Output the full listing exactly, character for character.

Available data section start

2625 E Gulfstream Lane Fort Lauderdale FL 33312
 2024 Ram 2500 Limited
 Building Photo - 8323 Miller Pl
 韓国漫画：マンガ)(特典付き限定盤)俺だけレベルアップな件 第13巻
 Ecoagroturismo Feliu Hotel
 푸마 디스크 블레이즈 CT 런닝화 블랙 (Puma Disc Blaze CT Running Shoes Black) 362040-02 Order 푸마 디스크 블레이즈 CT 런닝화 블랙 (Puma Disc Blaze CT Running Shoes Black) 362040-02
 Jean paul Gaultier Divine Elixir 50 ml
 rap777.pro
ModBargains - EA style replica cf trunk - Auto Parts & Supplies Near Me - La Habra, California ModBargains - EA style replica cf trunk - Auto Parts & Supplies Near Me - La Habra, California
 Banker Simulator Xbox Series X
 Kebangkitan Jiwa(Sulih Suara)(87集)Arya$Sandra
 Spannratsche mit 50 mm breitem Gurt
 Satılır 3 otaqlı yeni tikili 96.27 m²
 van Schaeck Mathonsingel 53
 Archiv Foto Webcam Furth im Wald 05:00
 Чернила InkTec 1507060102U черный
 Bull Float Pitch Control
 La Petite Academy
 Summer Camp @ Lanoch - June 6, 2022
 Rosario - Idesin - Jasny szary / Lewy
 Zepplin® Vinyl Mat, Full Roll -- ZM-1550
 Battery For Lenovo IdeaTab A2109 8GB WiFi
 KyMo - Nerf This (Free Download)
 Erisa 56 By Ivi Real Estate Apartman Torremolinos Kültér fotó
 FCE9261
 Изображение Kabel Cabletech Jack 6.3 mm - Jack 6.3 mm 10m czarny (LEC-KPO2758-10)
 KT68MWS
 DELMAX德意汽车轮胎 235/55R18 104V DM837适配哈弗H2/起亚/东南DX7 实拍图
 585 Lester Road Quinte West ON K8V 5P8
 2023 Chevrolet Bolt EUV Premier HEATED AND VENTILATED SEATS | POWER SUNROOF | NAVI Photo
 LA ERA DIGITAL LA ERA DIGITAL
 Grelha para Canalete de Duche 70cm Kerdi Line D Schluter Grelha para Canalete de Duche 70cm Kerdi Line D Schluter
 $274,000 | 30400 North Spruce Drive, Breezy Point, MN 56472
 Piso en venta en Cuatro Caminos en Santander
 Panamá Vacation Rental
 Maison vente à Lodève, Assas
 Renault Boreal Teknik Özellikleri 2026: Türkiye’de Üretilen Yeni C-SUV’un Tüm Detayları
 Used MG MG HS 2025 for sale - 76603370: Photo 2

Available data section end

Result of the exercise:
2625 E Gulfstream Lane Fort Lauderdale FL 33312
 2024 Ram 2500 Limited
 Building Photo - 8323 Miller Pl
 韓国漫画：マンガ)(特典付き限定盤)俺だけレベルアップな件 第13巻
 Ecoagroturismo Feliu Hotel
 푸마 디스크 블레이즈 CT 런닝화 블랙 (Puma Disc Blaze CT Running Shoes Black) 362040-02 Order 푸마 디스크 블레이즈 CT 런닝화 블랙 (Puma Disc Blaze CT Running Shoes Black) 362040-02
 Jean paul Gaultier Divine Elixir 50 ml
 rap777.pro
ModBargains - EA style replica cf trunk - Auto Parts & Supplies Near Me - La Habra, California ModBargains - EA style replica cf trunk - Auto Parts & Supplies Near Me - La Habra, California
 Banker Simulator Xbox Series X
 Kebangkitan Jiwa(Sulih Suara)(87集)Arya$Sandra
 Spannratsche mit 50 mm breitem Gurt
 Satılır 3 otaqlı yeni tikili 96.27 m²
 van Schaeck Mathonsingel 53
 Archiv Foto Webcam Furth im Wald 05:00
 Чернила InkTec 1507060102U черный
 Bull Float Pitch Control
 La Petite Academy
 Summer Camp @ Lanoch - June 6, 2022
 Rosario - Idesin - Jasny szary / Lewy
 Zepplin® Vinyl Mat, Full Roll -- ZM-1550
 Battery For Lenovo IdeaTab A2109 8GB WiFi
 KyMo - Nerf This (Free Download)
 Erisa 56 By Ivi Real Estate Apartman Torremolinos Kültér fotó
 FCE9261
 Изображение Kabel Cabletech Jack 6.3 mm - Jack 6.3 mm 10m czarny (LEC-KPO2758-10)
 KT68MWS
 DELMAX德意汽车轮胎 235/55R18 104V DM837适配哈弗H2/起亚/东南DX7 实拍图
 585 Lester Road Quinte West ON K8V 5P8
 2023 Chevrolet Bolt EUV Premier HEATED AND VENTILATED SEATS | POWER SUNROOF | NAVI Photo
 LA ERA DIGITAL LA ERA DIGITAL
 Grelha para Canalete de Duche 70cm Kerdi Line D Schluter Grelha para Canalete de Duche 70cm Kerdi Line D Schluter
 $274,000 | 30400 North Spruce Drive, Breezy Point, MN 56472
 Piso en venta en Cuatro Caminos en Santander
 Panamá Vacation Rental
 Maison vente à Lodève, Assas
 Renault Boreal Teknik Özellikleri 2026: Türkiye’de Üretilen Yeni C-SUV’un Tüm Detayları
 Used MG MG HS 2025 for sale - 76603370: Photo 2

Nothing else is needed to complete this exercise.